SBIR Topic NX19-003 Award Announcement
Engineered Integral and Downstream Flow Conditioners

In 2019, Kalsi Engineering was awarded a contract with the Department of Navy (DoN) through the Small Business Innovation Research (SBIR) program to develop and refine flow conditioners for possible use on the Columbia Class submarines and other Navy and non-Navy applications. Flow conditioners are used to diminish swirl and expedite the velocity profile recovery in disturbed flow caused by upstream flow disturbances like elbow, tees, and valves.

Kalsi Engineering successfully completed Round I, II, and III of the Direct to Phase 2 SBIR program and is now preparing for Round IV. Round IV focuses on commercialization for Navy and non-Navy applications.

Due to the operating requirements of Navy submarines, flow conditioners were developed to have the following performance characteristics:

  • Generate minimal differential pressure
  • Designed to install into existing piping systems
  • Operate without producing excessive vibration, noise, and cavitation

As part of the SBIR/DoN project, KEI flow conditioner designs have been refined based on extensive Computational Fluid Dynamic (CFD) analysis and water flow loop testing.
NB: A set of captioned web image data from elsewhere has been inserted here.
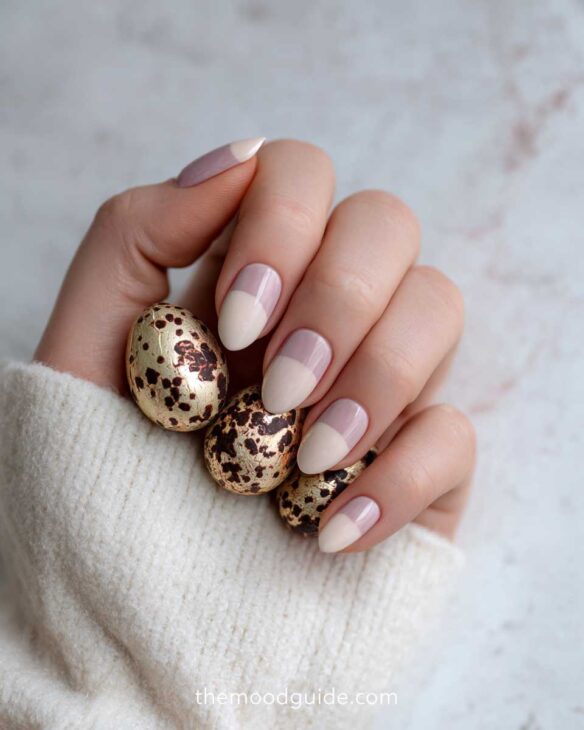 cute simple easy beige minimalist easter nails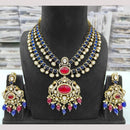 JCM Gold Plated Polki Kundan Stone And Beads Necklace Set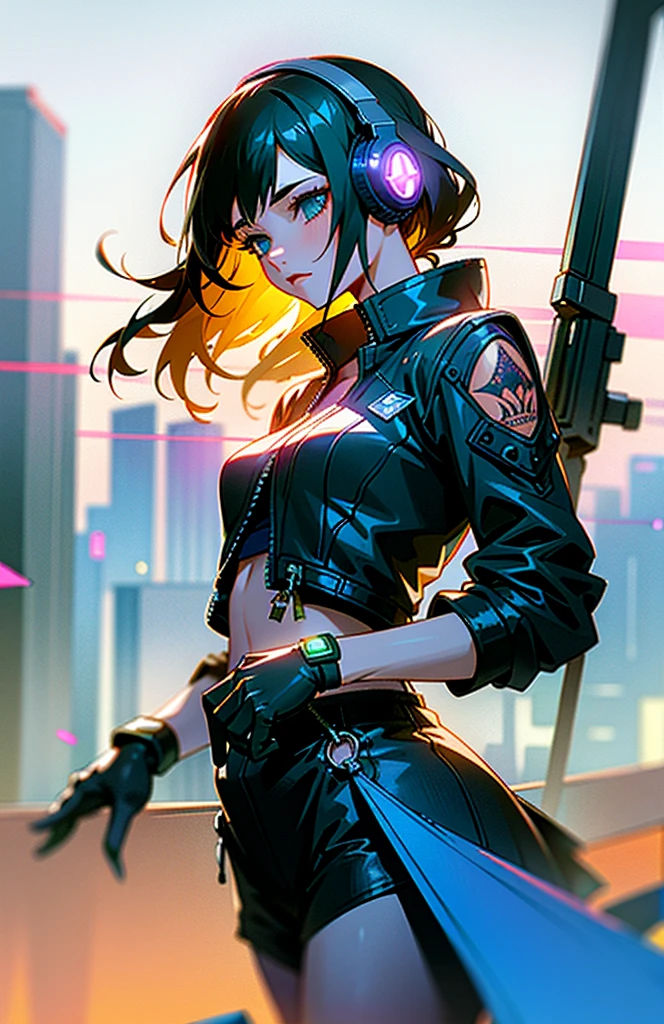 ompts Copy the best quality, Realistic, photoRealistic, award-winning illustration, (intricate details:1.2), (繊細in詳細な), (intricate details), (cinematic light, Top quality backlighting), clear line, Sharp focus, Official Art, unity 8k wallpaper, Absurd, incredibly Absurd, Large file size, Ultra- (in_main_street:1.21), (Neon lamp),Fantasy art, RTTX 10.0,((award winning studio closeup photo of a triangle)), One girl,Half Body,(Full tattoo),(Mouth closed),Small breasts,((cyberpunk city street, Valkyrie,knife, Robot Arm)),(Cyberpunk Blouse, leather jacket, Martin boots),(Headphones_The surrounding area_head),(Headphones_The surrounding area_hair)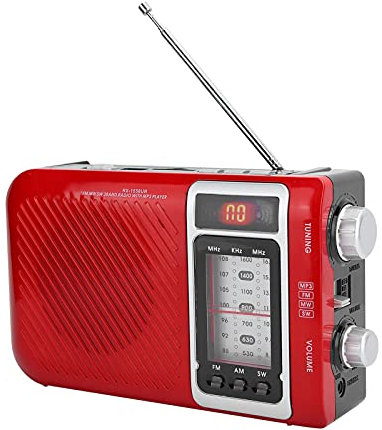 Radio Multifunción FM AM SW Radio de Onda Corta Digital Portátil Radio Multibanda con Altavoz de Luz LED Tarjeta de Memoria Compatible, para Acampar, Caminar, Aventura(Reglamento europeo rojo)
KEI Flow Conditioner Family

KEI has developed and patented a family of flow conditioner elements that can be divided into two general categories: 1) integral conditioner elements and 2) downstream conditioner elements. The classification integral conditioner element includes conditioner elements that are integrated into the pipe bend (e.g., elbow). Downstream conditioners are located downstream of the pipe bend exit or upstream of a pump intake. These conditioner elements can be used separately or together to achieve highly conditioned flow.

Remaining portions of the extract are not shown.